Eye For Film >> Movies >> Luck (2003) Film Review
Reviewed by: David Stanners
It's Canada, 1972. The whole nation is gripped by ice hockey fever as the Canadians take on the mighty USSR in an eight game series. Shane Bradley (Luke Kirby) is a 28-year-old writer, gambler and soul-searching drifter. When his love for long-term friend Margaret (Sarah Polley) becomes apparent from a seemingly innocuous kiss, he begins to push his luck. Lacking the gumption to stop her going to London with her ex, he pines, yearns and gambles with his misfit buddies for two weeks in the hope that luck, or fate, will bring her back and pay off his spiralling debts.
There is a distinct small town Canadian feel to this. Writer/director Peter Wellington has captured the zeitgeist perfectly, using the national sport as a platform for the unity and patriotism felt at the time. With this, he weaves blankets of irony and humour into the tapestry to keep what could have been heavy, light.
When Margaret leaves, Shane, in his desperation, begins to challenge fate head on, borrowing $5,000 from the local gangster to pay back the casino, where he lost his stash. Instead of doing the sensible thing, he decides to flutter more down the lavvy, sliding further and further into the dungeon. But when the USSR start hammering Canada in the first three games of the series, Shane and his motley crew react by starting a book, taking bets for Canada, in the hope that the Russians will sweep to victory.

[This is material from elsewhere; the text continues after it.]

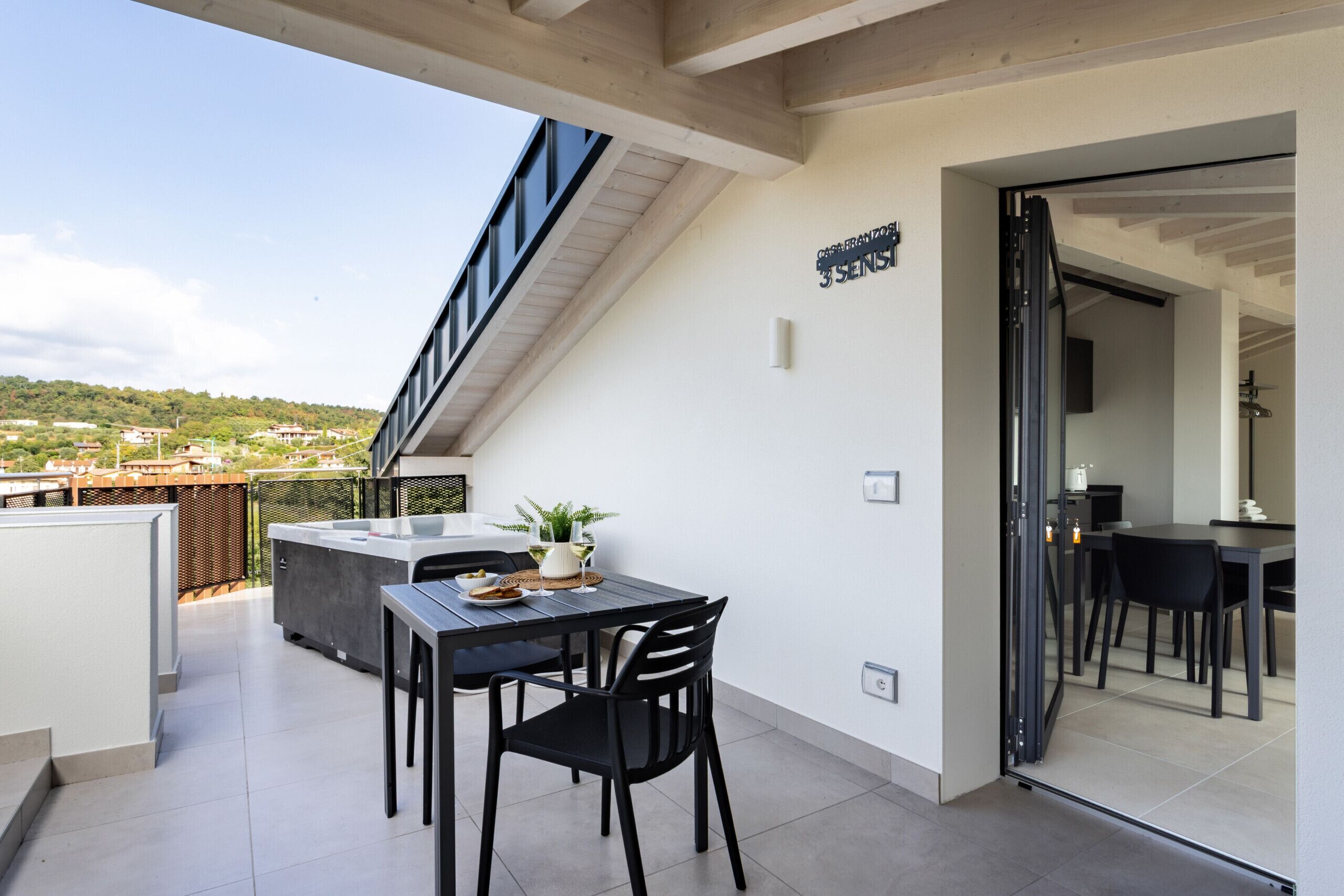 A balcony with a table, chairs, and a potted plant.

Kirby does a sterling job of conveying the gambler's priorities. The juice is in the action, rather than the result. Everyone knows punters never win in the long run. But win, lose or draw, adrenalin is on a rush in the middle stages, ebbing and flowing, peaking and dipping. When Margaret returns from England to tell him she loves him, Shane's delighted, but still the buzz of the possible scoop takes the front seat. "I can't talk to you right now," he mumbles, in a dramatic crescendo of fate, or is it luck?
Wellington has orchestrated a little gem here. The bookie shenanigans and slagging matches in Shane's house are worth a laugh; particularly funny is Andrew, a former concert pianist and interminable worrier. Although the plot meanders into the amorphous lifestyle of Shane too much, a decent gag, or a bet going wrong, usually rescues it.
The performances are strong, adopting as naturalistic an approach as possible. Often the strength lies in what is not said. Eye contact and awkward moments are aplenty.
Wellington's open-ended approach offers no definitive answers, other than luck can strike from any angle, usually the least expected. Maybe that's part of fate's overall design.